Release flow
Deployments
Deployments move source code into a site release while preserving logs, selected run details, webhook state, and release history.
What deployments do
Deployments move source code into a site release while preserving status, logs, selected run details, webhook state, and release history. A deployment should be treated as an operational record, not just a command that ran once.
Before deploying
- Confirm the source provider is connected and synced.
- Review the repository, branch, tag, deploy key, and webhook settings.
- Check the deployment script for dependency installs, cache commands, migrations, and release activation.
- Make sure backup and rollback expectations are clear for production sites.
Typical workflow
- Connect GitHub or GitLab.
- Attach the repository and branch to the site.
- Review the deployment script and environment values.
- Run a manual deployment or enable push-to-deploy.

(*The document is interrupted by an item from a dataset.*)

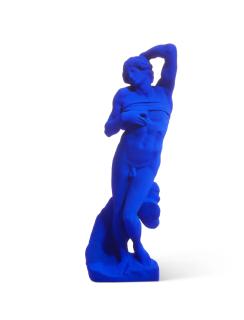 Yves Klein - L\'Esclave mourant d\'après Michel-Ange (S 20)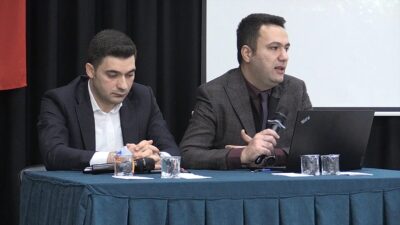 BOLU (AA) – Bolu'da siber suçlarla mücadele kapsamında öğretmenlere yönelik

- Inspect the deployment result, duration, output, and selected run details.
Checks before enabling push-to-deploy
- The manual deployment path works first.
- The deploy key can read the repository.
- Webhooks are attached to the expected branch.
- The deployment script is safe for production.
- Notifications are routed to the right team destination.
Common issues
- A deploy fails because the deploy key is missing or stale.
- A migration runs without a backup plan.
- Push-to-deploy is enabled on the wrong branch.
- Failed deployments are retried without reading the output.